Saturday, April 05, 2008

I’ve just spent quite a bit of time—and quite a lot of words—writing about lines 68-69 of Ezra Pound’s Canto I: after sticking to Book 11 of the Odyssey thus far Pound interrupts the poem to write:





"Lie quiet Divus. I mean, that is Andreas Divus.
In officina Wecheli, 1538, out of Homer."

Turns out that—shame on him (yes, I’ve read your ABC of Reading, Ezzie)—Pound has been using Divus’s sixteenth century translation of Homer into Latin instead of the original ancient Greek. How could he live with himself?
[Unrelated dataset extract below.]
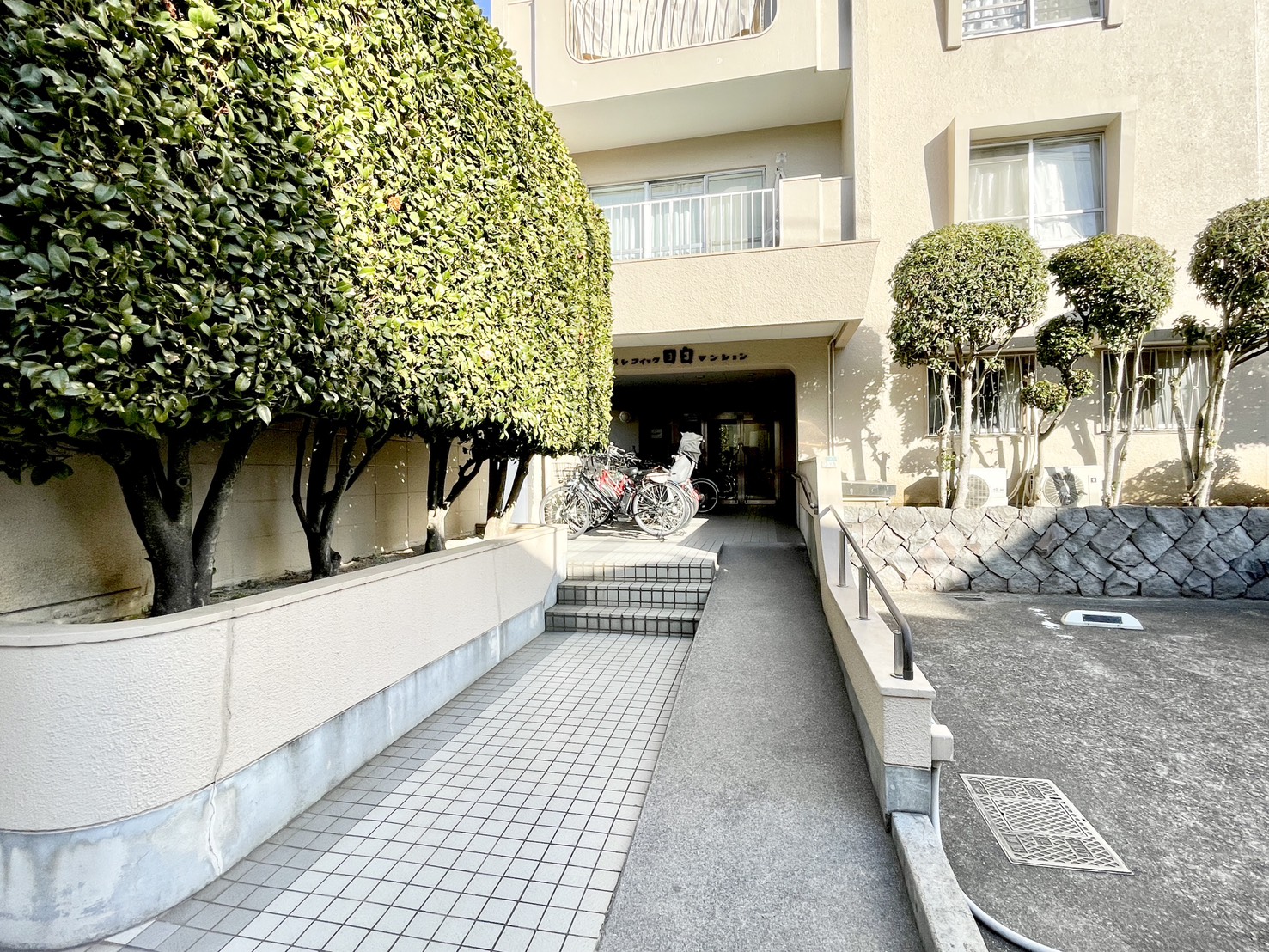 エントランスアプローチ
It also turns out I was able to write a whole page on just those two lines, and what they do to the poem. I know Ezra was a bad man, and then recanted via psychobabble his fascism in a quite pathetic manner, but, well, I like his poetry. Though these days I like his pronouncements in books like How to Read more. I keep meaning to go to St Elizabeth’s and see where he lived for all those years.
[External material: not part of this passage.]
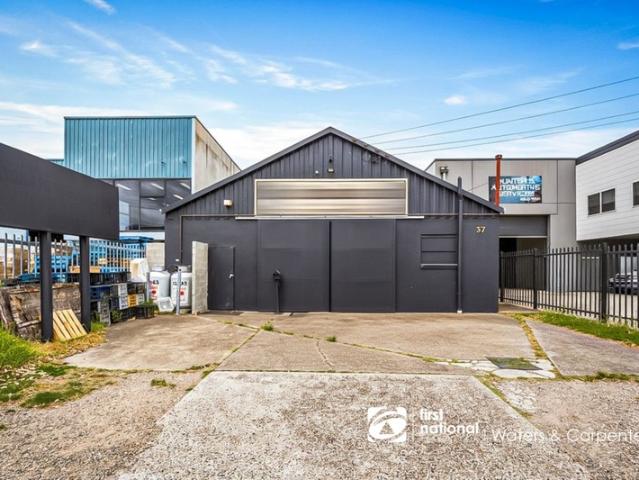 Warehouse for rent in Regents Park, Sydney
I’m one hundred pages into Daniel Deronda—one eighth of the way through—and Deronda himself appeared only in the first chapter and has since gone away. (There was a hint he may have participated in the action of Chapter 2, but he wasn’t, so to speak, on stage.) In the mean time, Eliot gives us Gwendolen Harleth. She fascinates me—largely because, in spite of her arrogance and almost banal wish to be different, she has the most interesting reaction when she receives an avowal of love:

“Gwendolen herself could not have foreseen that she should feel this way. It was all a sudden, new experience to her. The day before she had been quite aware that her cousin was in love with her—she did not mind how much, so that he said nothing about it; and if any one had asked her why she objected to love-making speeches, she would have said laughingly, ‘Oh, I am tired of them all in the books.’ But now the life of passion had begun negatively in her. She felt passionately averse to this volunteered love.”

Later she is reduced to uncontrollable sobbing—which, yes, is oh so nineteenth century, but also seems right. She cannot bear to be loved. And I suppose a heroine who cannot bear to be loved is not so interesting in the twenty-first century landscape, but in the nineteenth century, I do find it rather striking. Especially as its not (overall) satirical (Eliot does have a wicked tongue—pen—at times) like, for instance Vanity Fair. She certainly has a dose of Becky Sharp in her—but what else is there? See? Eliot’s got me hooked. Jolly old Mary Ann Evans.

(Which reminds me, too, of a letter Mrs Elizabeth Gaskell sent her—praising one of her novels, but rounding off with the sentiment: “But I wish—oh! how I wish—that you were Mrs Lewes.)

(Which, in turn, reminds me that George Henry Lewes wrote a rather scathing bit about the character of Esther in Bleak House.)

(And you don’t want to know where musings on Dickens, Esther and Bleak House could take me.)